Objective: To examine the associations between perinatal and infant exposures, especially early infant diet, and the development of T1DM.
Design: The Diabetes Autoimmunity Study in the Young (DAISY) is a longitudinal, observational study.
Setting: Newborn screening for human leukocyte antigen (HLA) was done at St. Joseph's Hospital in Denver, Colorado. First-degree relatives of individuals with T1DM were recruited from the Denver metropolitan area.
Participants: A total of 1835 children at increased genetic risk for T1DM followed up from birth with complete prospective assessment of infant diet. Fifty-three children developed T1DM.

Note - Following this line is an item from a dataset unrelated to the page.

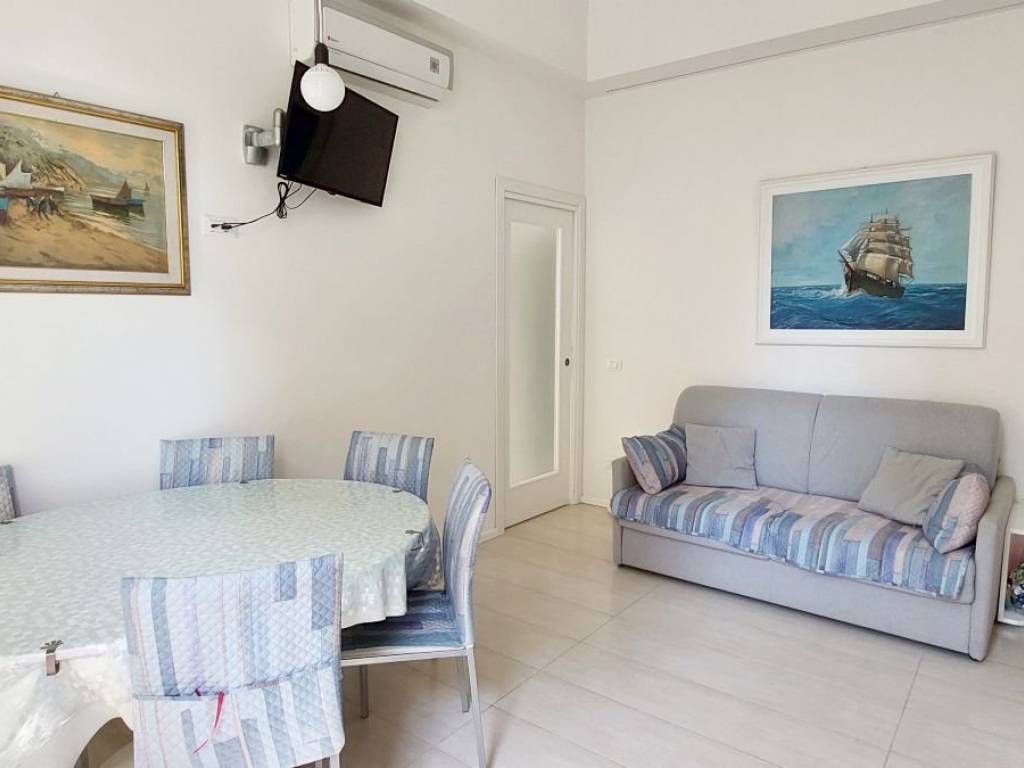 appartamento in vendita a Viareggio in zona Don Bosco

Exposures: Early (<4 months of age) and late (≥6 months of age) first exposure to solid foods compared with first exposures at 4 to 5 months of age (referent).
Main outcome and measure: Risk for T1DM diagnosed by a physician.

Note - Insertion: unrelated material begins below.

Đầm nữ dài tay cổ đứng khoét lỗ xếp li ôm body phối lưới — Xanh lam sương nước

Results: Both early and late first exposure to any solid food predicted development of T1DM (hazard ratio [HR], 1.91; 95% CI, 1.04-3.51, and HR, 3.02; 95% CI, 1.26-7.24, respectively), adjusting for the HLA-DR genotype, first-degree relative with T1DM, maternal education, and delivery type. Specifically, early exposure to fruit and late exposure to rice/oat predicted T1DM (HR, 2.23; 95% CI, 1.14-4.39, and HR, 2.88; 95% CI, 1.36-6.11, respectively), while breastfeeding at the time of introduction to wheat/barley conferred protection (HR, 0.47; 95% CI, 0.26-0.86). Complicated vaginal delivery was also a predictor of T1DM (HR, 1.93; 95% CI, 1.03-3.61).
Conclusions and relevance: These results suggest the safest age to introduce solid foods in children at increased genetic risk for T1DM is between 4 and 5 months of age. Breastfeeding while introducing new foods may reduce T1DM risk.